- DATA SHOWN -
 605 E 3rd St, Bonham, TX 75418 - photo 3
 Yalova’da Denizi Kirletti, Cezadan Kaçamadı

--

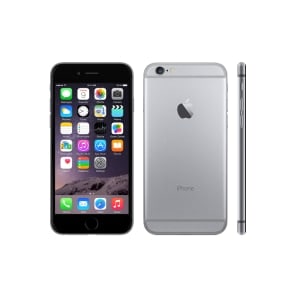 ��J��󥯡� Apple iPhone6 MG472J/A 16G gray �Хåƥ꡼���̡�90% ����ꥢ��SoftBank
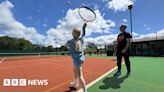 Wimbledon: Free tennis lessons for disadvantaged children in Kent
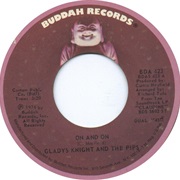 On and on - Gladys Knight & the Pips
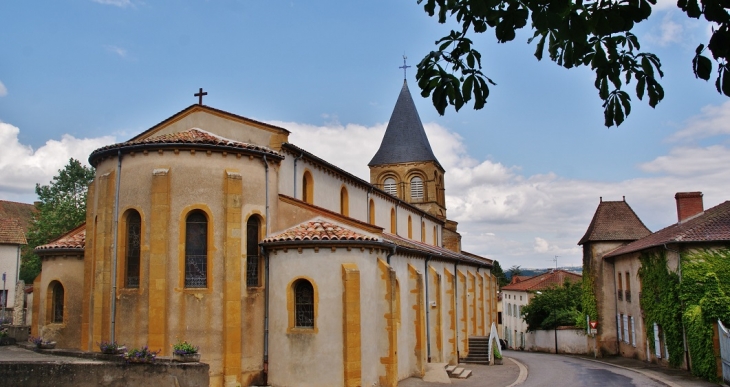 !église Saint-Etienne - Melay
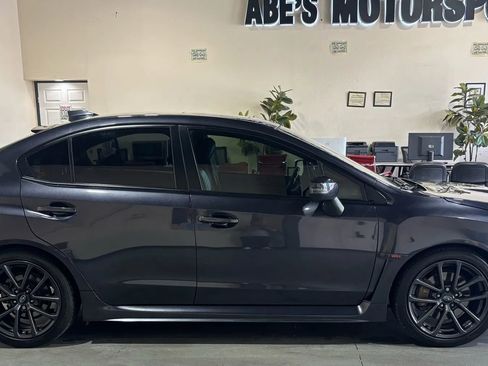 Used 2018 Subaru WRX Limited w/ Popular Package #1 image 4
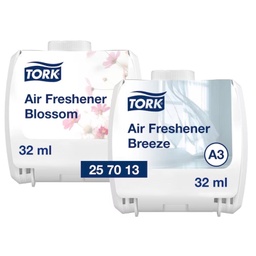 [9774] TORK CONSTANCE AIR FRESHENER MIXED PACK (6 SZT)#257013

- WHAT YOU HAVE TO DO -
In the listing above, locate the line containing "605 E 3rd St, Bonham, TX 75418 - photo 3" and the line containing "Yalova’da Denizi Kirletti, Cezadan Kaçamadı", then transcribe both and every line between them verbatim.

- REPLY -
 605 E 3rd St, Bonham, TX 75418 - photo 3
 Yalova’da Denizi Kirletti, Cezadan Kaçamadı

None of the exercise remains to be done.